A Selection Of His U.S. Victor Recordings 1914-1941 / Ignacy Jan Paderewski (Naxos Historical)

ア・セレクション・オヴ・ヒズ USビクター・レコーディングズ 1914〜1941/イグナツィ・ヤン・パデレフスキ

うんと昔、出版社で翻訳小説の編集者をしていたことがあって。基本的にはドンパチ系B級クライム・ノヴェルみたいなやつを担当することが多かったのだけれど。たまーにマジな本も手がけた。ピアズ・ポール・リードの『ホロネーズ』って本もそのひとつ。30~50年代のヨーロッパを舞台に、没落したポーランド貴族の息子と娘が戦争に引き裂かれながら歩んだ人生を描いたものだったような…。自分で編集しておいて、詳しいこと忘れちゃいましたが。

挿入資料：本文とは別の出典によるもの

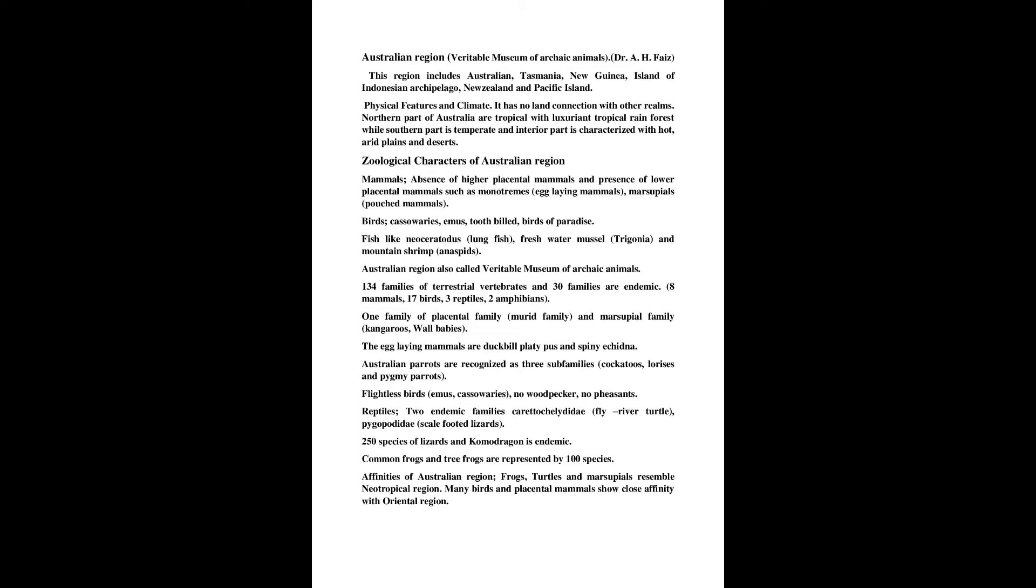Zoological Characters of Australian Region. Mammals, absence of higher placental mammals and presence of lower placental mammals such as monotremes, egg-laying mammals, marsupials, pouched mammals.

もう30年近く前、あの本を編集しながら、ぼくは頭の中でずっとパデレフスキのピアノ演奏をイメージしていたものだ。もちろんショパン、ね。ベタだけど(笑)。子供のころ、うちにあった家庭のクラシックみたいなのでよく聞いてました。まあ、パデレフスキの場合は19世紀に黄金期を迎えた人で。時代的にも違うし。父親はポーランド貴族だったみたいだけど、別に没落したって話も聞かないし。でも、積極的に政治活動に関与していたこととか、何かで読んだりしていたもんだから。なんとなく激動のポーランドを舞台にした小説のBGMとしてぼくの頭が勝手に選び取ってしまった、みたいな。そんな感じかな。

というわけで、パデレフスキのビクター録音からのセレクションCD。ナクソス・ヒストリカルからお安く出たので、買っちゃいました。1914~41年というと、アメリカに移住して、ワイン作ったりして、と思ったらポーランドの首相になっちゃって、やがて演奏活動に復帰して、スイスに移住して、さらに政治活動に戻って…みたいな、もう彼にとって慌ただしい時期にあたるわけですが。収録されているのは基本的には演奏活動復帰時、20年代の録音。

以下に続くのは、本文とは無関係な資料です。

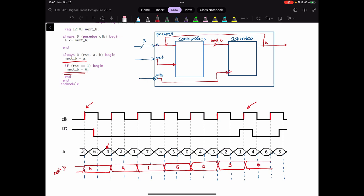At this positive edge of the clock, reset is 0, and A is equal to 6. So my output will remain 6 — next B will remain 6 because this is the 6 that we have. So the values are: 3, 0, 5, 1, 4, and that 6 is for when reset is equal to 1.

この人の真価はもっと前の時代の演奏にある、というのが定説で。ピアノ・ロール集とかで当時の演奏の再現版を聞いたりすると、なんとなくそうなんだろうなと思ったりもするのだが。でも、やはり全盛期を過ぎてしまっているとはいえ、往年の輝かしい響きを失ってしまったと言われていたとはいえ、しかも20年代録音だけに音質も悪いとはいえ、本人演奏はやっぱいいっすね。60歳代ならではの境地ってのもあるのではないか、と。

SP盤では未発表だった音源もあり。ベートーヴェン、ショパン、リスト、シューベルト、メンデルスゾーン、ラフマニノフ、ワグナーなど、いい感じにキャッチーに演奏してます。マジソン・スクエア・ガーデンに2万人を集めてリサイタルをやったというエピソードも有名だけど。アメリカで人気があったのも納得です。